◆ **DIRECTIONS**
Make an exact copy of all the data, pictures excluded.

◆ **GIVEN INFORMATION**
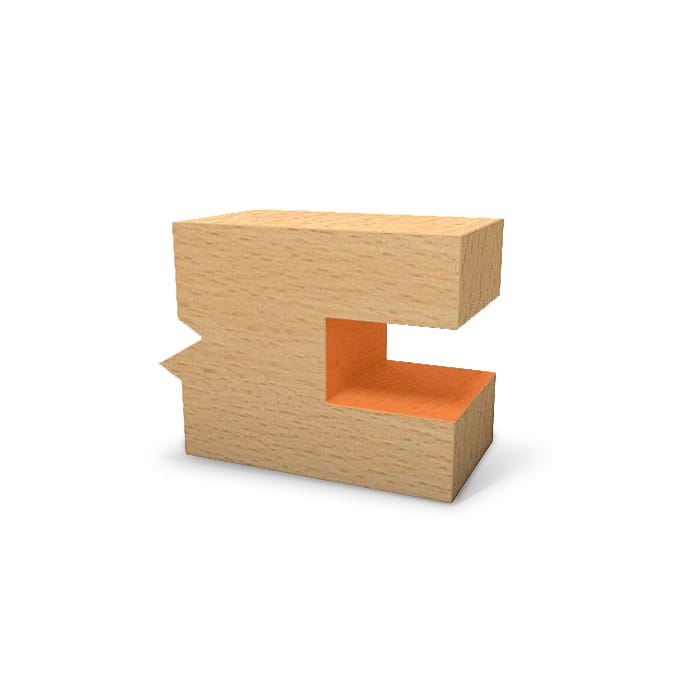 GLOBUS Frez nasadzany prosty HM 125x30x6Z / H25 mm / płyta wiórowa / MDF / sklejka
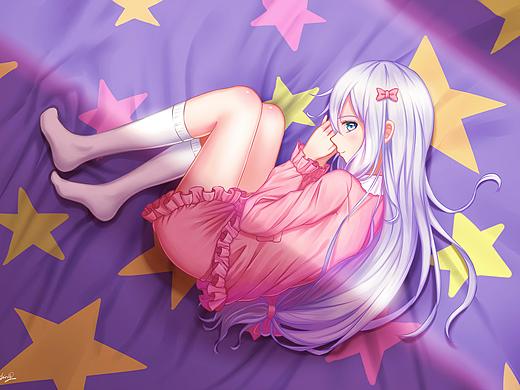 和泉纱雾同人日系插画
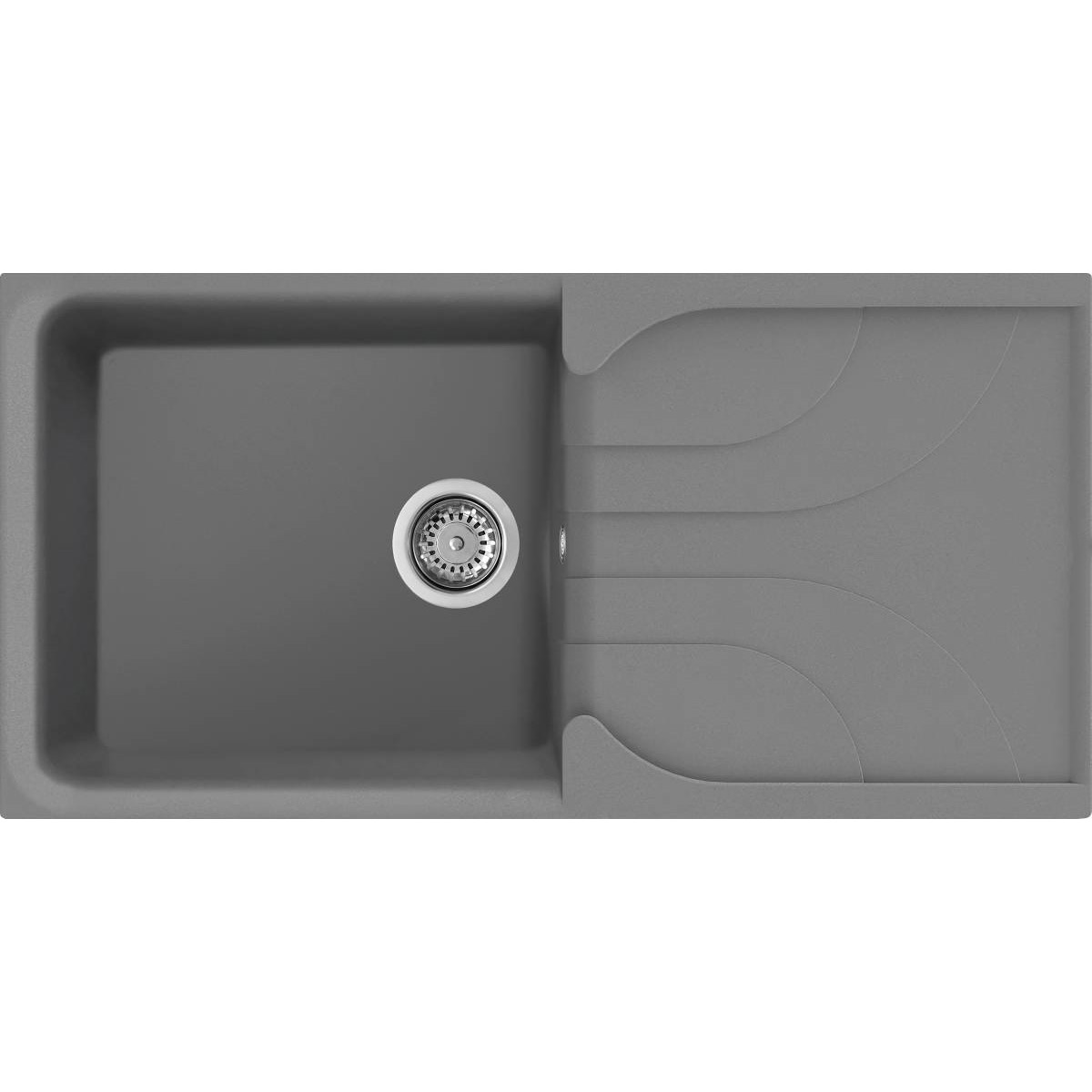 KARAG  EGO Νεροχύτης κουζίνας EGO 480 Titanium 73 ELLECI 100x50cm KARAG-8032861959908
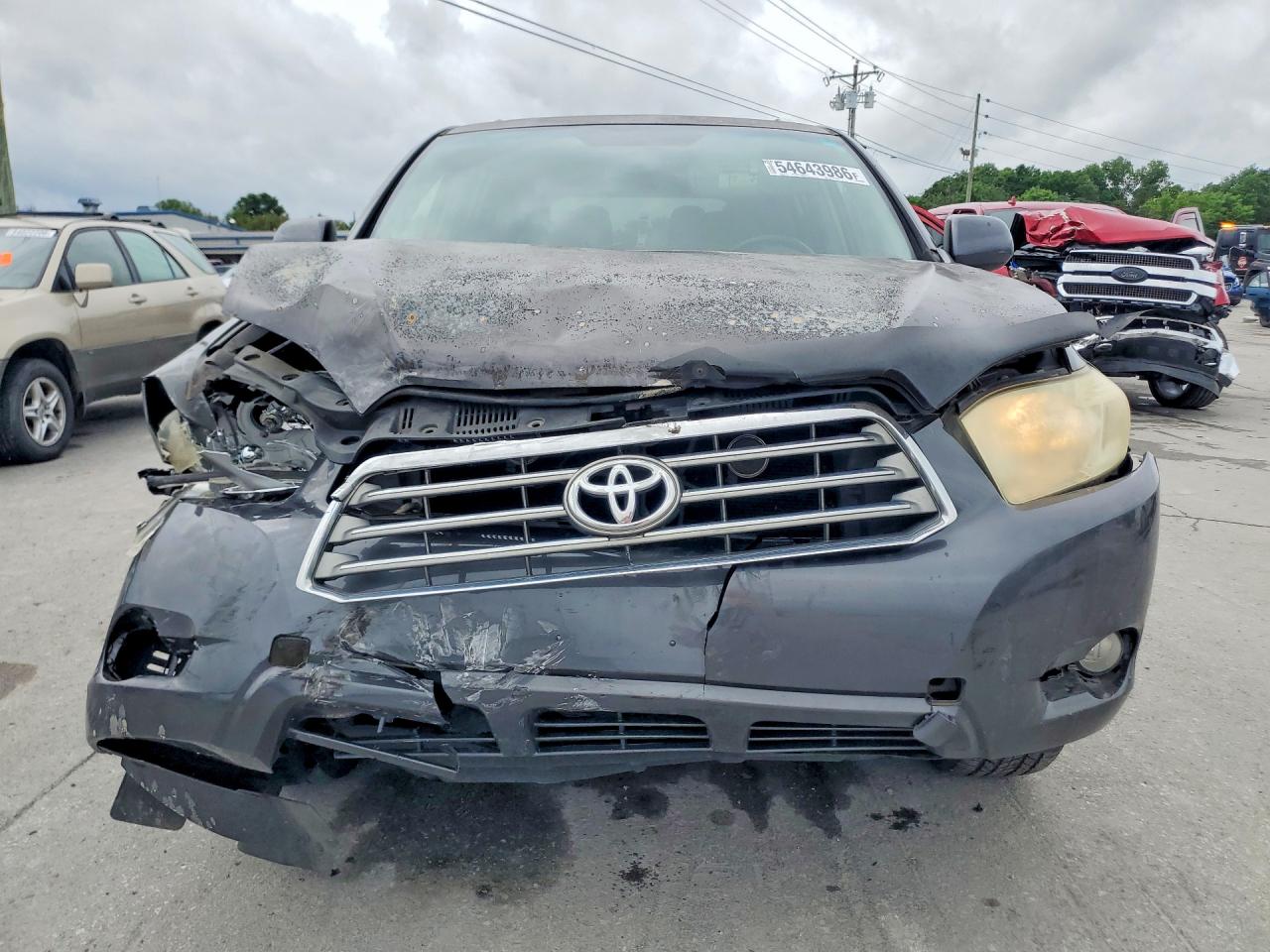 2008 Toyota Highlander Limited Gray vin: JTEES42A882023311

◆ **TASK ANSWER**
 GLOBUS Frez nasadzany prosty HM 125x30x6Z / H25 mm / płyta wiórowa / MDF / sklejka
 和泉纱雾同人日系插画
 KARAG  EGO Νεροχύτης κουζίνας EGO 480 Titanium 73 ELLECI 100x50cm KARAG-8032861959908
 2008 Toyota Highlander Limited Gray vin: JTEES42A882023311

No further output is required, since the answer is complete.